There are some grocery stores that are more expensive than others. The major first-tier grocery chains each have allied stores that are often less expensive.  
 
"Compare prices of various foods and brands," says another registered dietitian for the same grocery chain, Katherine Sutherland (no relation to Diana). "Store brands usually cost less and offer the same nutrition as high-end brands." 

Look for discounts

Buying imperfect produce tastes just as good, provides the same nutrition and can save you a few dollars. Bananas don't need to perfect if you're making a banana loaf; neither do carrots or peppers need to be perfect and symmetrical if you're chopping them up to to make a soup. Reduced-price breads can be used for croutons, bread crumbs or, as a treat, bread pudding. Add it up across a full grocery cart, and that can mean $30 or $40 saved. 
 
"Look for quick sale items because their expiry dates are approaching," Diana Sutherland says. "Discounts can be up to 50 per cent, so you can save a lot. You can easily trim away bruises on fruits and vegetables."      

Katherine Sutherland stresses using unit pricing: that tiny print on shelves that indicates the price of the food per 100 grams, for instance; it's the only way you can accurately compare costs.  
 
Whenever possible, shop in bulk for both food and kitchen supplies, especially at big box stores. Large jars of peanut butter and mayonnaise can be a lot less expensive, especially if you have kids to feed. Some products cost 30 to 40 per cent less than in chain supermarkets.   

Eat less meat

Meat can be expensive, so dietitians recommend using the growing number of less expensive sources of protein such as beans and lentils. Plant-based proteins are quickly gaining in popularity (and a recent study has stated that less meat consumption will help the environment). "They're less expensive and just as nutritious," Diana Sutherland said. 
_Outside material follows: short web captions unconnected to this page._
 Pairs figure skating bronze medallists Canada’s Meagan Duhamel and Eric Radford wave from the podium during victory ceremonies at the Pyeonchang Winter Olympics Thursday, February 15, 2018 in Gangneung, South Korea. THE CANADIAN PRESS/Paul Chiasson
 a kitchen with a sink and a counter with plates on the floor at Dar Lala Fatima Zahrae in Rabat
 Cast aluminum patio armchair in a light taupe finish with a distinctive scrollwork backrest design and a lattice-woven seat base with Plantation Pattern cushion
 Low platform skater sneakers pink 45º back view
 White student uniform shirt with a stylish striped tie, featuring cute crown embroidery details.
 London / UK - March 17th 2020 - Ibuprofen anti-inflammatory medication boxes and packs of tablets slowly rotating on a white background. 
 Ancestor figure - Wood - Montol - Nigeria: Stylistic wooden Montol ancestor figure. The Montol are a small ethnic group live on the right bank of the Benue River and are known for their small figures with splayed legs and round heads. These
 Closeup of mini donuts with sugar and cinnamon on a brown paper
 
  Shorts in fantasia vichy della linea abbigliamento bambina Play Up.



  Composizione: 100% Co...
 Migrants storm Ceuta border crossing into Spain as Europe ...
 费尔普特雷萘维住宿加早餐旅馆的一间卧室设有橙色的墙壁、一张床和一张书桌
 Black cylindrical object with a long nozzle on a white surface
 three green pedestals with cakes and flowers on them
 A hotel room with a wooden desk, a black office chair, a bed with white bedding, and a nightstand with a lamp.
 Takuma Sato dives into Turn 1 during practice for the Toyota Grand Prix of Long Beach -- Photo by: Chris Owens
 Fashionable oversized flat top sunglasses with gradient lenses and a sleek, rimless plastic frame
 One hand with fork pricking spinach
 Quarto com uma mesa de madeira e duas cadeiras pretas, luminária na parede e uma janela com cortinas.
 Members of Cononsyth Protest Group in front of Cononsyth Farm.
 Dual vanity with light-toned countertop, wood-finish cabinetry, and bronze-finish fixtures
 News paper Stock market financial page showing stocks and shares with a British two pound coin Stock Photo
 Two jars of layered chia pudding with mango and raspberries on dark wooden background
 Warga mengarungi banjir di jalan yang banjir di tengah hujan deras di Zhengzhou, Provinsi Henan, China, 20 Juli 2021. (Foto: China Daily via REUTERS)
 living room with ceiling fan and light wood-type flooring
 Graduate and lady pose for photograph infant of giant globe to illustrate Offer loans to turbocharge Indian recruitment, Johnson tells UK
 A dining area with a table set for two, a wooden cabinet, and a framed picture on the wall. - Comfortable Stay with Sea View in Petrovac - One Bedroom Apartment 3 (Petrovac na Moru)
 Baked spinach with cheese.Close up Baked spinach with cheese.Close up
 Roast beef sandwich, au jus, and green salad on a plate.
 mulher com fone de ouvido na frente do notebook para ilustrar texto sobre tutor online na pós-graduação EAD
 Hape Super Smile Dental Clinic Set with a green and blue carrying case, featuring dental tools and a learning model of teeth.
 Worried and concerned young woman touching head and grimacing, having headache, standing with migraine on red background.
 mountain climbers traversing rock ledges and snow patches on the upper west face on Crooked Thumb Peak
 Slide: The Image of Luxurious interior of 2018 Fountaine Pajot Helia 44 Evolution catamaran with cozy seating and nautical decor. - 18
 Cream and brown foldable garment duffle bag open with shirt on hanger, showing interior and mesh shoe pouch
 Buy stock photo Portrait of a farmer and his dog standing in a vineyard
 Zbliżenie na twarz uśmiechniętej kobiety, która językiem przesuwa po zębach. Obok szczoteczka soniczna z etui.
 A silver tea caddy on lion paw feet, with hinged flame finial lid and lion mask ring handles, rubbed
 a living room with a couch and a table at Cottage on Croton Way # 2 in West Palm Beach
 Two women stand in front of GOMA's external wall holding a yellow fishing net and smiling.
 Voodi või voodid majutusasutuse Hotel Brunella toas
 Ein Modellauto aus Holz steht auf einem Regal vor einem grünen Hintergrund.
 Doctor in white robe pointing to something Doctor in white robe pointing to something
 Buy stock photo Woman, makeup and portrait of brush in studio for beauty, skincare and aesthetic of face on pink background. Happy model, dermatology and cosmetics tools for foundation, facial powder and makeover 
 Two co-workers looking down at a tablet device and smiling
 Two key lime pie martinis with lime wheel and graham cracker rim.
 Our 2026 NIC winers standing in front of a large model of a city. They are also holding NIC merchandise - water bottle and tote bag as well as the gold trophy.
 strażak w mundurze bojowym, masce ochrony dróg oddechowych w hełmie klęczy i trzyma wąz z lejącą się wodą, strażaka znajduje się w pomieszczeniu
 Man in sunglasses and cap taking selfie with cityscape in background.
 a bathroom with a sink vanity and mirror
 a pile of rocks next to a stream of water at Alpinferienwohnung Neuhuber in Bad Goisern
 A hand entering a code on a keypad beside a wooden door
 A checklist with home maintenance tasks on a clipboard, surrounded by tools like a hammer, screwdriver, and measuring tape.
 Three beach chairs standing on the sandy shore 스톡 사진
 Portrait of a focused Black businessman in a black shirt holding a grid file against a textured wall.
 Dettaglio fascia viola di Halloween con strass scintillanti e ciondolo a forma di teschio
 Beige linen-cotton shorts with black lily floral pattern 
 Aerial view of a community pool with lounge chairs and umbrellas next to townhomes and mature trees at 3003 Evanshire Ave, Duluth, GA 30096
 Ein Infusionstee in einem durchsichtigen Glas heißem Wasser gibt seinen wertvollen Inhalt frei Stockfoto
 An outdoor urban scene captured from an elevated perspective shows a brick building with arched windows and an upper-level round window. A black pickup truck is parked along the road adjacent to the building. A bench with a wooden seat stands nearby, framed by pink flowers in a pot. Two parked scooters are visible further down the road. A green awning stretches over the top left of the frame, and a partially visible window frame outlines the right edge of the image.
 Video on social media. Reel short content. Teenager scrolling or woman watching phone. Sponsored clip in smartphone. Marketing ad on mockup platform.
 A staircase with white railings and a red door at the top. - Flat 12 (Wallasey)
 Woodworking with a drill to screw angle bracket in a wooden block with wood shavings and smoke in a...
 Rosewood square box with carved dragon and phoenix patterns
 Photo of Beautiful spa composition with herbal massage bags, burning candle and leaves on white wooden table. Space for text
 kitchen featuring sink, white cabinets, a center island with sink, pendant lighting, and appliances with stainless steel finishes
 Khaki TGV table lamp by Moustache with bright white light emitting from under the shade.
Introduce "meatless Mondays" into your diet and shopping, or cut back.

"Replace half the meat in a recipe with lentils for dishes that use ground beef such as tacos, shepherd's pie and meatloaf," says Diana Sutherland. 

"Plan meals using the healthy plate model: 50 per cent vegetables, 25 per cent whole grains or starchy vegetables, and 25 per cent protein such as meat, fish, legumes or eggs," Katherine Sutherland recommends.

Where possible, replace meats with plant-based proteins that are more cost effective and nutritious. "Beans and lentils can be used in many places where you use meat," Diana Sutherland adds. 

Specialty shopping can save

Using specialty stores can be more expensive, unless you select the right ones. Asian supermarkets and stores that specialize in Middle Eastern foods can often have excellent spices, produce and meats at lower prices.  
 
Examples of these stores in Waterloo Region include New City Supermarket and Onkar Foods in Kitchener, and the new T & T Supermarket in Waterloo, to name only a few. 
 
Another strategy is farmers' markets. While they can offer the best in local and seasonal foods (when in season), you might be able to find reduced prices at the end of the market day. 

Buy in season when you can, says Katherine Sutherland.  "During the winter months, try frozen fruits and vegetables. The nutrition is comparable and the quality is excellent."  

Reduce waste

Using a shopping a list can help to prevent impulse buys which can add up quickly, and in the end, the items may not even get eaten.  

You can also reduce food waste wherever possible and use those leftovers to create new meals another day.